Print each entry in full, word for word, with no pictures in the result.

──────── INPUT FOR THIS TASK ────────

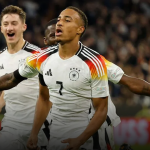 Germany beat Dutch thanks to Leweling goal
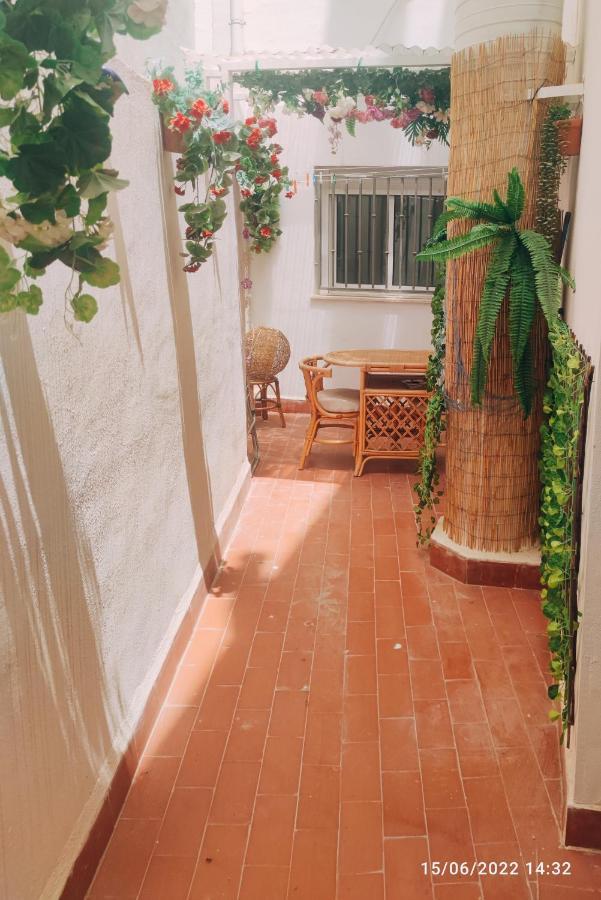 Tus Vacaciones En El Corazon De Alicante! Екстер'єр фото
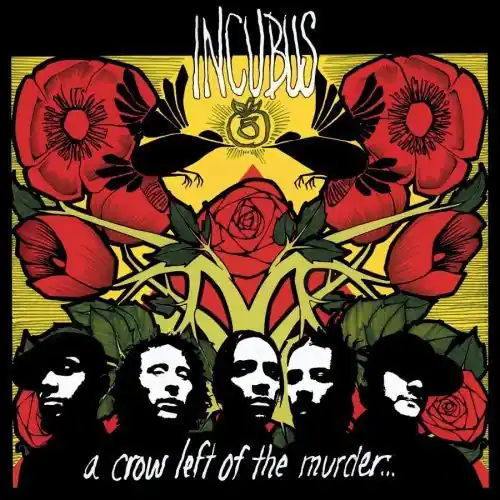 A Crow Left Of The Murder... (2 Lp's) | Mint (M) Mint (M) Professional Grade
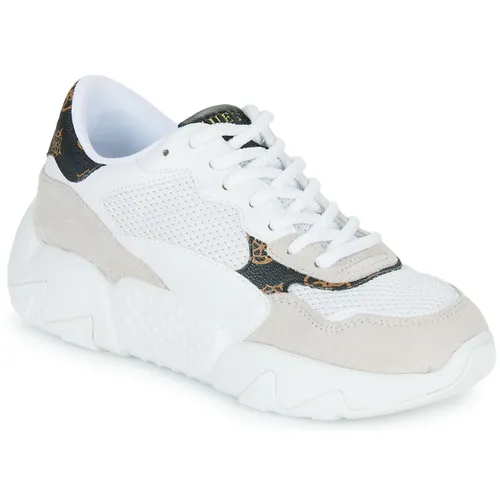 Lage Sneakers Guess GOLDON
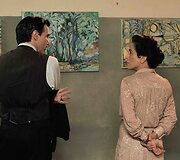 Filmo &bdquo;Nizė &ndash; beprotybės &scaron;irdis&ldquo; kadras 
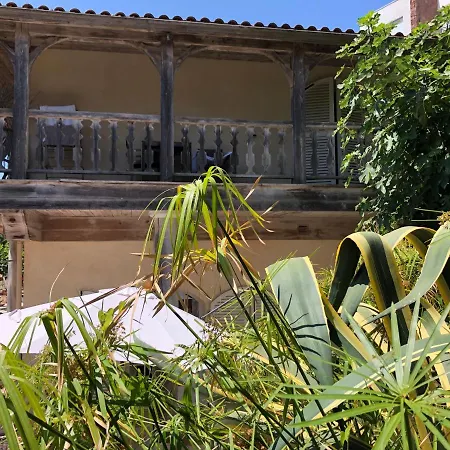 Le Clos Des Sept Palmiers Hotel 5*
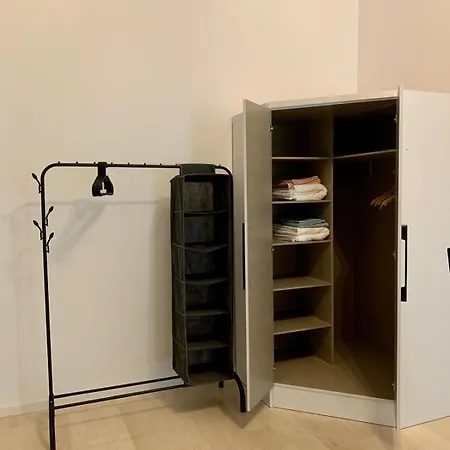 Casa Claudia Lt - Monolocale Per Vacanze Nel Salento A * Lecce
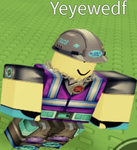 Quick hello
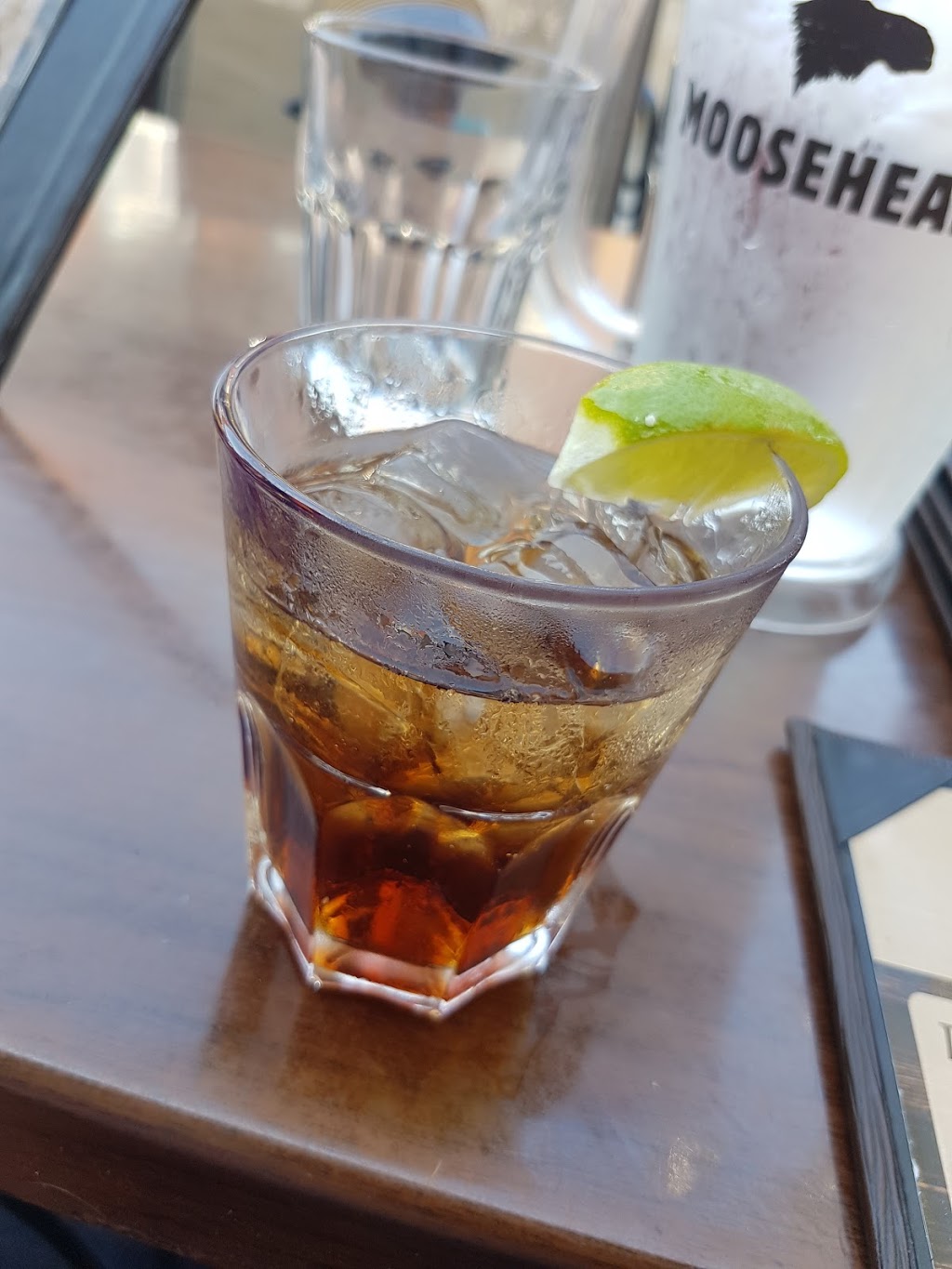 The Merchant Tap House | 6 Princess St, Kingston, ON K7L 5P7, Canada | Phone: (613) 547-1313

────────

WRITTEN ANSWER:
 Germany beat Dutch thanks to Leweling goal
 Tus Vacaciones En El Corazon De Alicante! Екстер'єр фото
 A Crow Left Of The Murder... (2 Lp's) | Mint (M) Mint (M) Professional Grade
 Lage Sneakers Guess GOLDON
 Filmo &bdquo;Nizė &ndash; beprotybės &scaron;irdis&ldquo; kadras 
 Le Clos Des Sept Palmiers Hotel 5*
 Casa Claudia Lt - Monolocale Per Vacanze Nel Salento A * Lecce
 Quick hello
 The Merchant Tap House | 6 Princess St, Kingston, ON K7L 5P7, Canada | Phone: (613) 547-1313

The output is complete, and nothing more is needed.